HDT


On this page

    HDT is a highly compressed RDF dataset format that enables efficient triple pattern querying. Comunica enables executing SPARQL queries over HDT files, as it is one of the supported source types.

    Querying over HDT requires Comunica SPARQL HDT package (@comunica/query-sparql-hdt).

    1. Installation

    Since Comunica runs on Node.js, make sure you have Node.js installed on your machine. HDT requires GCC 4.9 or higher to be available.

    Next, we can install Comunica SPARQL on our machine:

    $ npm install -g @comunica/query-sparql-hdt
    

    2. SPARQL querying over one HDT file

    After installing Comunica SPARQL HDT, you will be given access to several commands including comunica-sparql-hdt, which allows you to execute SPARQL queries from the command line.

    Just like comunica-sparql, this command requires one or more URLs to be provided as sources to query over. As last argument, as SPARQL query string can be provided.

    For example, the following query retrieves the first 100 triples a local HDT file:

    $ comunica-sparql-hdt hdt@path/to/myfile.hdt \
        "SELECT * WHERE { ?s ?p ?o } LIMIT 100"
    

    3. SPARQL querying over multiple HDT files

    Just like comunica-sparql, querying over multiple sources simply requires you to pass them after each other:

    $ comunica-sparql-hdt hdt@path/to/myfile1.hdt \
        hdt@path/to/myfile2.hdt \
        hdt@path/to/myfile3.hdt \
        "SELECT * WHERE { ?s ?p ?o } LIMIT 100"
    

    4. Learn more

    This guide only discussed the basic functionality of comunica-sparql-hdt.

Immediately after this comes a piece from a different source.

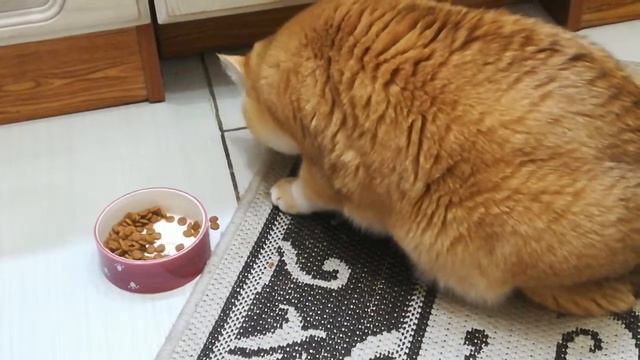 Как ест еду моя кошка Британская шиншила золотая смотреть онлайн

You can learn more options by invoking the help command, or by reading the Comunica SPARQL documentation:

    $ comunica-sparql-hdt --help
    

    The API for querying over HDT files in JavaScript apps is identical to Comunica SPARQL, and just requires importing @comunica/query-sparql-hdt instead of @comunica/query-sparql.

    In order to set up a SPARQL endpoint, comunica-sparql-hdt-http can be used, just like Comunica SPARQL.